Moments are the building blocks of relationships

Creating a comprehensive customer view is admirable, and sounds like a great marketing-philosophy, but… and there is a but…. it stays a philosophy until there is an actual use case. That is why we should start by looking at customer moments.

Moments are the building blocks of relationships, and can be enabled by a CDP. They are what customers will remember and, taken as a whole, will define how your brand is perceived. That’s why companies should be able to make the most out of these moments across multiple (maybe even all) channels.

In their book The Power of Moments: Why Certain Experiences Have Extraordinary Impact”, Chip and Dan Heath explain what psychologists now call the Peak-End rule:

When people assess an experience, they tend to forget or ignore its length. Instead, they seem to rate the experience based on two key moments: (1) the best or worst moment, known as the peak and (2) the ending. [..] What’s indisputable is that when we assess our experiences, we don’t average our minute-by minute sensations.

Marketers therefore should be architecting extraordinary and memorable peak moments.

How Deutsche Bahn uses a CDP to create memorable moments

A few weeks back, I spoke with Dr. Markus Wuebben, founder of the CDP platform CrossEngage.

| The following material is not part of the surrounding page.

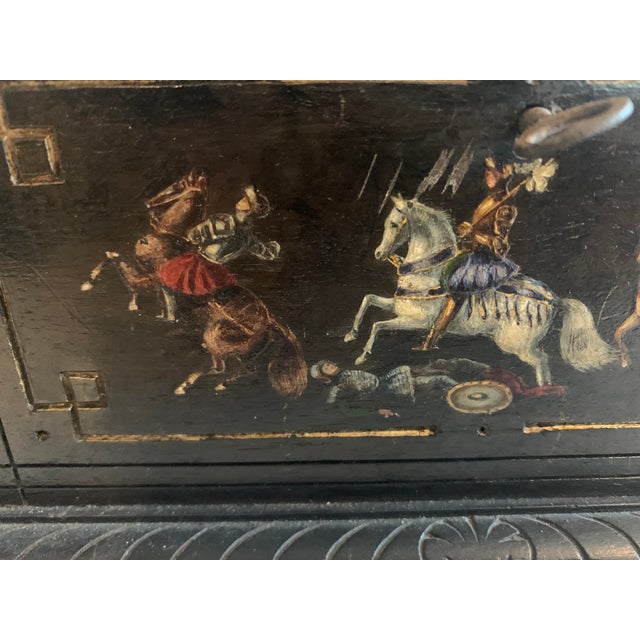 19th Century Carved Black Wood Jewelry Box with Polychrome Decoration For Sale - Image 10 of 13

He showed an example from one of their clients that was presented at the OMR Masterclass event.

The German railway company Deutsche Bahn has started working with a CDP and crafting moments.

From research, Deutsche Bahn know how strenuous tightly packed travel can be, and that their customers are more likely to upgrade to the first class in this situation – if they were only given the chance. Using the CDP they can offer travellers a discounted upgrade to the first class when second-class is crowded.

The upgrade is offered through the Deutsche Bahn app via push notification. It doesn’t matter if the user purchased his ticket via the app, on the website or a different channel, because these are all connected to the CDP.

One thing they need to know for this campaign is the travel destination of the traveller. Because the CDP combines the personal data with contextual data (how busy the train is on the trip), to make this happen. It is a special moment a customer will definitely remember, as well as direct profit generation for DB.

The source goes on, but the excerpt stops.